A adoção do vidro como elemento da arquitetura remonta ao século 19, mas foi notadamente na última década que a prática configurou-se como uma tendência e solução encontrada quando se objetiva a valorização dos espaços internos e sua integração com áreas externas da construção.

Com esse objetivo, a arquiteta Moema Wertheimer lançou mão desse elemento em alguns dos seus mais recentes projetos, como no retrofit do lobby do Edifício Birmann 8, hoje denominado AD 2200. “A ideia era modernizar a construção com o intuito de captar novos inquilinos”, conta a arquiteta que utilizou o vidro como a peça chave desse projeto. “Utilizado nas paredes e na escada, ele trouxe modernidade ao conjunto, tornando o lobby mais leve e claro”, explica Moema. “Nas paredes utilizamos o vidro temperado serigrafado, fixado em estrutura de alumínio. Já na escada, que substituiu a antiga e passou a ter papel de destaque no ambiente, utilizamos os vidros laminados temperados e curvos, como guarda-corpo da mesma, e também do hall de elevadores do 1º andar”, completa.

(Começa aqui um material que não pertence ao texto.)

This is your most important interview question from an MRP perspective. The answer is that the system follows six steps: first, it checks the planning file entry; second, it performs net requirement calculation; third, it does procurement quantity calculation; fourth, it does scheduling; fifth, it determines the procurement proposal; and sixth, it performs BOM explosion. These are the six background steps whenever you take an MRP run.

Na opinião da arquiteta, a transparência do vidro utilizado na escada conferiu uma nova perspectiva a quem entra no lobby, ao mesmo tempo em que destacou a área do balcão da recepção, permitindo que o visitante ou usuário do edifício possa ver a área de elevadores e, ao fundo, o corredor que dá acesso ao café, situado no acesso ao estacionamento descoberto. Em complemento ao guarda-corpo de vidro, ela instalou corrimões em aço inox escovado, fixados entre os paineis de vidro, com cola UV.

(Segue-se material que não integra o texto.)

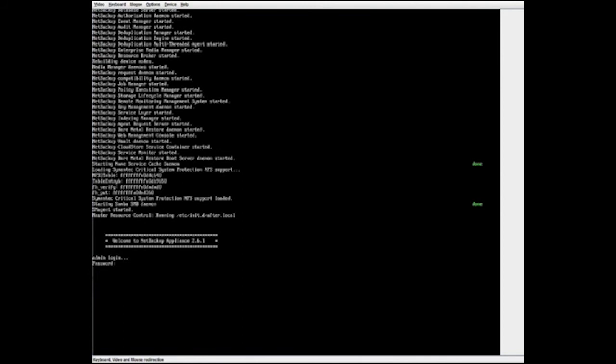After the second reboot, if the installation completes successfully, a message stating 'Welcome to the NetBackup Appliance 2.6.1' is displayed on the appliance shell menu with the logon prompt. This completes the NetBackup Appliance 5330 re-image process. The re-image process reverts the appliance back to the factory installed state. Before you begin the re-configuration process, it is recommended that you reference the appliance configuration information which you recorded prior to starting the re-imaging process.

Outro case lembrado por Moema é o do restaurante da sede da Fiesp (Federação das Indústrias do Estado de São Paulo), onde o objetivo era elaborar um espaço moderno, acolhedor e versátil valorizando uma das mais belas vistas da capital paulista. “Para transformar o ambiente, mantendo sua tradição, elegância e excelência foi necessário reformular totalmente as instalações, o que incluiu o fechamento externo do restaurante. O projeto utilizou na fachada vidro Ecolite incolor laminado 14mm e pilares de sustentação em vidro laminado Sentruy Glass temperado 30mm, fixos com ferragens de aço inox apoiados sobre mureta de alvenaria revestida em Limestone com iluminação embutida (Led) para o lado interno. Assim os espaços se tornaram mais amplos, confortáveis e bem iluminados”, justifica.

Herança milenar

Inúmeros são os exemplos de emprego do vidro na atualidade, em projetos residenciais ou comerciais, mas é preciso lembrar que muito antes dessa descoberta, o vidro era tido apenas como matéria-prima para a confecção dos vitrais, esta sim uma técnica milenar. Mas, se no passado os vitrais estavam diretamente relacionados às figuras e construções religiosas, com o passar dos anos notou-se também aí uma tendência na decoração de estações, bares, restaurantes, hotéis, hospitais e, claro, também residências, em suas mais diversas formas e estilos.

“O Vitral é atemporal, cabe em diversos projetos e tem a vantagem de transmitir luz, cor e brilho. Quando exposta à luz natural, essa arte pode ser uma obra em constante mutação, pois sua cor e luminosidade dependerão dos raios do sol, da claridade, da luz, dos reflexos e da variação do clima, do tempo e das estações”, detalha Frederik Hendrik Antonius Geuer, que acumula 35 anos de experiência em técnicas de vitrais e mantém o ateliê e a sede da empresa em Vinhedo, no interior de São Paulo. “Hoje, o vidro importado é mais usado, pois apresenta uma variedade de cores muito maior, são cinco mil tonalidades.

Além dos vitrais, somos muito procurados pela técnica exclusiva que criamos, que é a do mosaico vitral, feito com caquinhos colados. Nesta técnica reciclamos o vidro empregado em outros trabalhos. Na medida do possível reutilizamos tudo para sermos ecologicamente corretos”, detalha Frederik, lembrando outra característica atribuída ao material, que assim vai garantindo espaço em tempos em que a palavra de ordem é a sustentabilidade do planeta.